De advocaat-generaal heeft gevorderd dat het hof het vonnis van de rechtbank zal bevestigen.
Door de verdediging is uitsluitend een strafmaatverweer gevoerd.
Vonnis waarvan beroep
Het hof verenigt zich met het beroepen vonnis en met de gronden waarop dit berust, behalve voor wat betreft de opgelegde straf en de strafmotivering.
Op te leggen straf
De rechtbank heeft de verdachte voor valsheid in geschrift, meermalen gepleegd (feit 1) en oplichting, meermalen gepleegd (feit 2) veroordeeld tot een gevangenisstraf voor de duur van twaalf maanden, met aftrek van voorarrest.
De advocaat-generaal heeft zich bij deze strafoplegging aangesloten.
Door de verdediging is bepleit dat aan de verdachte een voorwaardelijke gevangenisstraf en een taakstraf van aanzienlijke duur zal worden opgelegd.
Het hof overweegt als volgt.
Bij de bepaling van de op te leggen straf is gelet op de aard en de ernst van hetgeen bewezen is verklaard, op de omstandigheden waaronder het bewezen verklaarde is begaan en op de persoon van de verdachte, zoals een en ander bij het onderzoek ter terechtzitting naar voren is gekomen.
Het hof is met de rechtbank en de advocaat-generaal van oordeel dat de ernst van het bewezen verklaarde handelen van de verdachte, zoals onder meer blijkt uit de hoogte van het frauduleus door haar verkregen financiële voordeel, op zichzelf rechtvaardigt dat aan de verdachte een straf wordt opgelegd die vrijheidsbeneming met zich brengt.
Het hof zal daartoe echter niet overgaan en overweegt in dit verband allereerst dat het op grond van het onderzoek ter terechtzitting ervan overtuigd is geraakt dat oplegging van
een vrijheidsbenemende straf niet noodzakelijk is om de verdachte het laakbare van haar handelwijze te doen inzien.
Daarnaast houdt het hof bij de straftoemeting in het bijzonder rekening met het gegeven dat inmiddels geruime tijd is verstreken nadat de bewezen verklaarde feiten hebben plaatsgevonden. Het hof merkt in dit verband op dat dat de verdachte in die tijd werk heeft gevonden bij een andere werkgever, met wie zij inmiddels een arbeidsovereenkomst voor onbepaalde duur heeft, waardoor het voor haar mogelijk is om te voorzien in haar levensonderhoud en dat van haar gezin, terwijl daarnaast via het gelegde loonbeslag voldaan wordt aan de terugbetalingsverplichting van het frauduleus verkregen geldbedrag aan de gemeente [gemeente] . Het hof acht aannemelijk, zoals door de verdediging betoogd, dat de verdachte haar huidige baan zal kwijtraken wanneer zij een vrijheidsstraf zal moeten ondergaan.

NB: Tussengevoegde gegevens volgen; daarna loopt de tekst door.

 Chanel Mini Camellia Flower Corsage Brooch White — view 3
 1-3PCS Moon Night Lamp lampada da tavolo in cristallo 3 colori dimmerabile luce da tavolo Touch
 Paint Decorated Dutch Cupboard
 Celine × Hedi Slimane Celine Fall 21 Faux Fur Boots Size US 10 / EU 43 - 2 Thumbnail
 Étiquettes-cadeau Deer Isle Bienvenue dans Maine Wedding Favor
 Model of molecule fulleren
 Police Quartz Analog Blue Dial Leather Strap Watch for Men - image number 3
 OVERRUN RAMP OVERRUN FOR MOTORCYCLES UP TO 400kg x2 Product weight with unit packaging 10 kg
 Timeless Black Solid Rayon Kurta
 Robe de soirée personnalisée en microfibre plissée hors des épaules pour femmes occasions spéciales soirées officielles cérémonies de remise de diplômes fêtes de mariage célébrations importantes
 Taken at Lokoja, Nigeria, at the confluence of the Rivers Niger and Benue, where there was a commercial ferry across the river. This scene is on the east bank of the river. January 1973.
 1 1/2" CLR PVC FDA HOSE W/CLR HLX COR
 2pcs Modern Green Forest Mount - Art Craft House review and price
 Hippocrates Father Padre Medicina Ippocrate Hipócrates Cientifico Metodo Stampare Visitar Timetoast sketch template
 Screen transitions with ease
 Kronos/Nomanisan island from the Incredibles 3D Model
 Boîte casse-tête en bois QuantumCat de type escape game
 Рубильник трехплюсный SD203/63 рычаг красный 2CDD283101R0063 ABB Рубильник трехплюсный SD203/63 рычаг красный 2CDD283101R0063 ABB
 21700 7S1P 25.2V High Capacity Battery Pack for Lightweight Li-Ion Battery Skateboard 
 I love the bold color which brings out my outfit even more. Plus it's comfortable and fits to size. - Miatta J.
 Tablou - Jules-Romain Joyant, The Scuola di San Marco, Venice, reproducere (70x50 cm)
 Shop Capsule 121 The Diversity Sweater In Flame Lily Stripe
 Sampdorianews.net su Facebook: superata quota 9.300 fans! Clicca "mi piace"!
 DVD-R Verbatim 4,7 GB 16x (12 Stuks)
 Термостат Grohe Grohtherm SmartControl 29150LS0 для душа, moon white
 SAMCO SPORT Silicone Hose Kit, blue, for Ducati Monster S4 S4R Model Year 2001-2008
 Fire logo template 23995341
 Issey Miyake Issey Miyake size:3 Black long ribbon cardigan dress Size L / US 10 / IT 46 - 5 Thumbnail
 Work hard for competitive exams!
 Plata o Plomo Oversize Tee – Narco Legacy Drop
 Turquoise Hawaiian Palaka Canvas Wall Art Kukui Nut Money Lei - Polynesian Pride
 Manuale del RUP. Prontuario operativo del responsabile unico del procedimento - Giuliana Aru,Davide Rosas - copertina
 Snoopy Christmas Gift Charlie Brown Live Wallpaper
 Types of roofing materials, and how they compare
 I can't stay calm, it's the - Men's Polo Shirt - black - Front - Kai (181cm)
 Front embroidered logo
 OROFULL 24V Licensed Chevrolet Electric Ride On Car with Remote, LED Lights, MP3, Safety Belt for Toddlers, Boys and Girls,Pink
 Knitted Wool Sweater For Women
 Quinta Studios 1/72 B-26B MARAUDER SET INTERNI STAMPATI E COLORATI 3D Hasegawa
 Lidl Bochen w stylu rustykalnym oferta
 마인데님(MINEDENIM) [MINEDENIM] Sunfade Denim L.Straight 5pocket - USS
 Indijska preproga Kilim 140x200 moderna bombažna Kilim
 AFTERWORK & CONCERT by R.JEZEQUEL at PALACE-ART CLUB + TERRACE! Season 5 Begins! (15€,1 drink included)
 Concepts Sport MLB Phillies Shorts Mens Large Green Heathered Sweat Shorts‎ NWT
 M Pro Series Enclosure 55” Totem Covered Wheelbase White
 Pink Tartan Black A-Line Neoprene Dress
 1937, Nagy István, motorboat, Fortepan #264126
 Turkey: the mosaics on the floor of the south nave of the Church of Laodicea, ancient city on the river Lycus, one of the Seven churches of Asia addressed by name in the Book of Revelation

Het hof acht dat onwenselijk. Niet alleen omdat daardoor niet slechts de verdachte, maar met name ook de personen die tot haar gezin behoren de gevolgen zullen ondervinden van haar frauduleuze handelen, maar bovenal omdat de verdachte gedurende de tijd dat zij gedetineerd zal zijn niet in staat moet worden geacht om te voldoen aan haar terugbetalingsverplichting van gemeenschapsgeld. Het hof merkt in dit verband voorts nog op dat het heeft geconstateerd dat in deze zaak sprake is van niet verklaarbare tijdspannen tussen begin december 2012, toen de verdachte enkele malen door de politie werd verhoord en zij in die verhoren volledige openheid van zaken heeft gegeven, en het aanbrengen van de onderhavige strafzaak op de terechtzitting van de rechtbank van 5 september 2014 respectievelijk tussen het instellen van het hoger beroep op 16 oktober 2014 en het aanbrengen van de onderhavige strafzaak op de terechtzitting van het hof op 26 februari 2016.
Weliswaar leidt dit tijdsverloop niet tot de slotsom dat sprake is van schending van het recht van de verdachte op een openbare behandeling van de zaak binnen een redelijke termijn, maar dit tijdsverloop draagt naar het oordeel van het hof wel bij aan de zodanig onevenredig zware gevolgen die het opleggen van een vrijheidsbenemende straf thans met zich zal brengen, dat daarvan wordt afgezien.
In de plaats daarvan zal het hof aan de verdachte een taakstraf opleggen met de volgens de wet maximaal mogelijke duur van 240 uren. Daarnaast zal het hof aan de verdachte een voorwaardelijke gevangenisstraf opleggen van de hierna te vermelden duur. Het hof beoogt
met oplegging van deze voorwaardelijke straf enerzijds de ernst van het bewezen verklaarde tot uitdrukking te brengen en anderzijds de strafoplegging dienstbaar te maken aan het voorkomen van nieuwe strafbare feiten.
Toepasselijke wettelijke voorschriften
De beslissing is gegrond op de artikelen 9, 14a, 14b, 14c, 22c, 22d, 57, 225 en 326 van het Wetboek van Strafrecht, zoals deze luidden ten tijde van het bewezen verklaarde.

BESLISSING

Het hof:
vernietigt het vonnis waarvan beroep ten aanzien van de opgelegde straf en doet in zoverre opnieuw recht;

veroordeelt de verdachte tot een gevangenisstraf voor de duur van 1 (één) jaar;

bepaalt dat de gevangenisstraf niet ten uitvoer zal worden gelegd, tenzij de rechter later anders mocht gelasten omdat de verdachte zich voor het einde van een
proeftijd van
2 (twee) jarenaan een strafbaar feit heeft schuldig gemaakt;
veroordeelt de verdachte tot een
taakstrafvoor de duur van
240 (tweehonderdveertig) uren, indien niet naar behoren verricht te vervangen door
120 (honderdtwintig) dagen hechtenis;
beveelt dat de tijd die door de verdachte vóór de tenuitvoerlegging van deze uitspraak in enige in artikel 27, eerste lid, of artikel 27a van het Wetboek van Strafrecht bedoelde vorm van voorarrest is doorgebracht, bij de uitvoering van de opgelegde taakstraf in mindering zal worden gebracht, volgens de maatstaf van twee uren taakstraf per in voorarrest doorgebrachte dag, voor zover die tijd niet reeds op een andere straf in mindering is gebracht;
bevestigt het vonnis waarvan beroep voor het overige.
Aldus gewezen door
mr. J. Huurman-van Asten, voorzitter,
mr. F. van Es en mr. R.M. Peters, raadsheren,
in tegenwoordigheid van dhr. J.M.A.W. Koningstein, griffier,
en op 11 maart 2016 ter openbare terechtzitting uitgesproken.
Mr. R.M. Peters is buiten staat dit arrest mede te ondertekenen.